Что касается Федора, то его история имела свое завершение. Он продал дачу телевизионному магнату, и сделал это за сакраментальный миллион долларов, с которого, как говорят, начинают сколачивать состояния. «Вот дурень, – повторяла моя бабушка, – теперь-то это куда дороже стоит».

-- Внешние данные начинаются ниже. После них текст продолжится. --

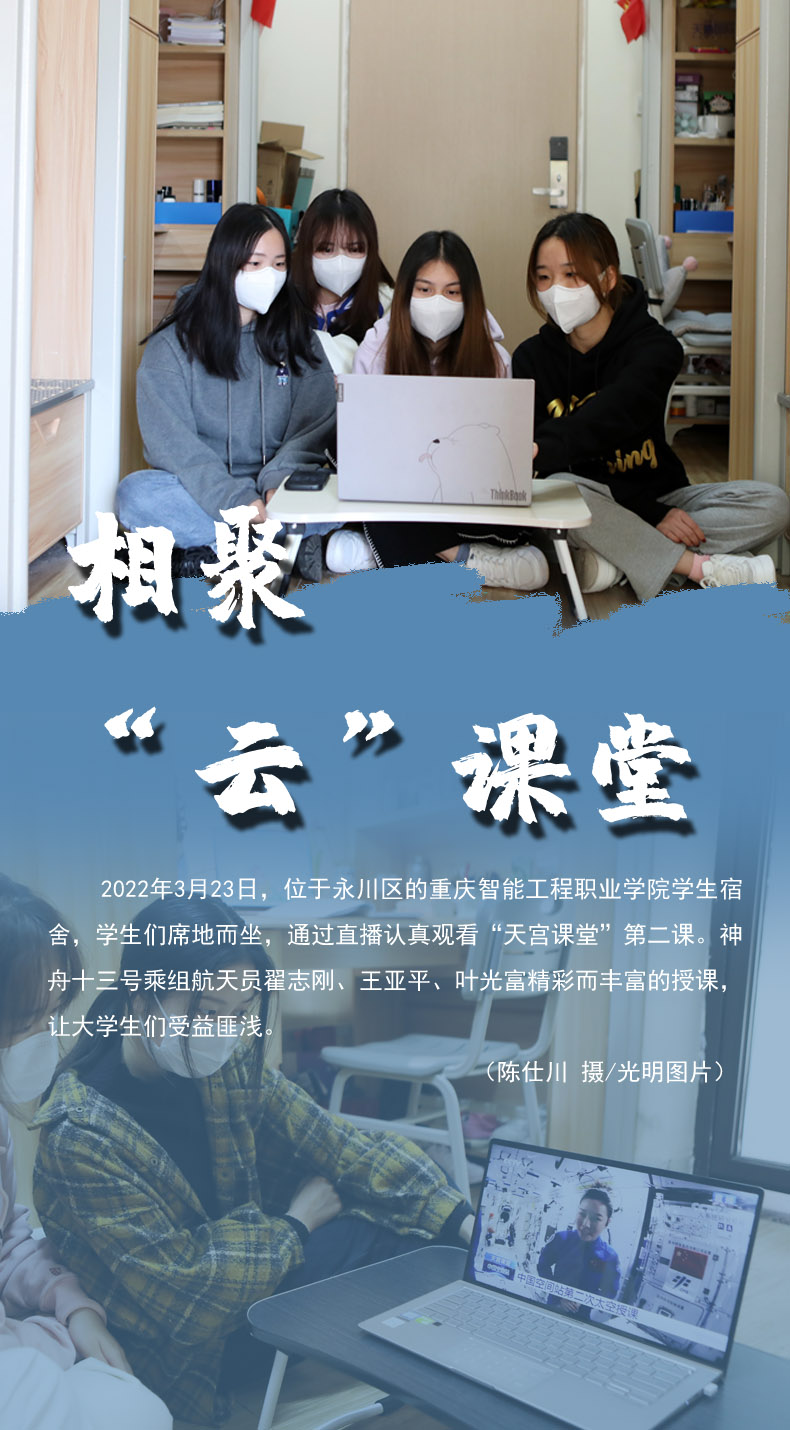 【海報(bào)】守護(hù)校園“疫線” 高校這么做！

Его белая как лунь мать, заброшенно доживавшая свои дни уже в городе, умерла. Федор уехал в Канаду, чтобы уже там потерять свой миллион в бракоразводном процессе с очередной женой и ее любовником. Последуй его совету, мы сами могли бы стать миллионерами и, возможно, как и он, так же глупо потеряли бы состояние. Но мы отказались.
6
Да, мы отказались. Казалось неправильным торговаться о доме и земле в присутствии той старой белой женщины, что все еще жила на старом своем месте. Казалось неправильным лишать места старые картины на стенах и деревья в окнах. Казалось неправильным скупать с ходу всю эту лавку древностей и, последовав призывам поколебленного разума Федора, выкупить у него его же собственное прошлое, в очередной раз разрушив чье-то пребывание на земле, чью-то пусть робкую, пусть слабую, но историю. Мы просто спокойно смотрели, как утекает сквозь пальцы роскошное и полное надежд время ранней перестройки, не собирая дивидендов, тратя свои наследные (ведь после смерти матери Джо тоже продал их дом) деньги, даже если иногда и казалось, что мы должны бы поступить прямо противоположным образом…
Помню историю о друге Джо, который со своей белой бородой и такими же белыми волосами напоминал живого Санта-Клауса. Когда я встретилась с мистером Джоном Тилли, американцем в Лондоне, он уже жил в маленькой квартирке и давал частные уроки английского вновь приехавшим иностранцам. Каждый дюйм его квартиры был красиво и со вкусом заставлен множеством вещей, начиная с рыцарских доспехов и заканчивая письмами Шелли в рамках на стене. Быт Джона Тилли был омыт его великолепным смехом и непрекращающимся – и лишь слегка навязчивым – весельем с привкусом безумия. Когда-то добрая старая большая жизнь, теперь помещавшаяся точно в скорлупке ореха, в этой квартирке, и впрямь была огромной: она располагалась в большом замке, с рядом конюшен, с тремя дочерями и женой, и ежевечерними празднествами, собиравшими с округи умных и образованных людей, оксфордских студентов по преимуществу, таких как Джо. Они все приходили к мистеру Тилли в гости, дневали и ночевали, проводя время в беседах и пикировках за большим столом. И я все вижу в том заимствованном у Джо воспоминании, как мистер Тилли, еще рыжеволосый и молодой, сидит на краю каменного фонтана. Вдали из окон раздается музыка. В руках Джон держит бутылку шампанского и, увидев подходящего к нему Джо, поднимает голову, улыбается и говорит: «Мой дорогой, ты видишь, как красиво?»
В ту ночь – ночь, когда ему принесли документы с финансовыми отчетами, – Джон Тилли просто наслаждался моментом и просто провожал и отпускал ту жизнь, ту ночь, тех людей, которым больше не суждено повториться. Или, вернее, им суждено повториться в другом месте, в другое время, ибо ничто не ново per amica silentia lunae (при благосклонном молчании луны). Очевидно, Джо повторил это с нами – в нашем странном поместье на Николиной горе.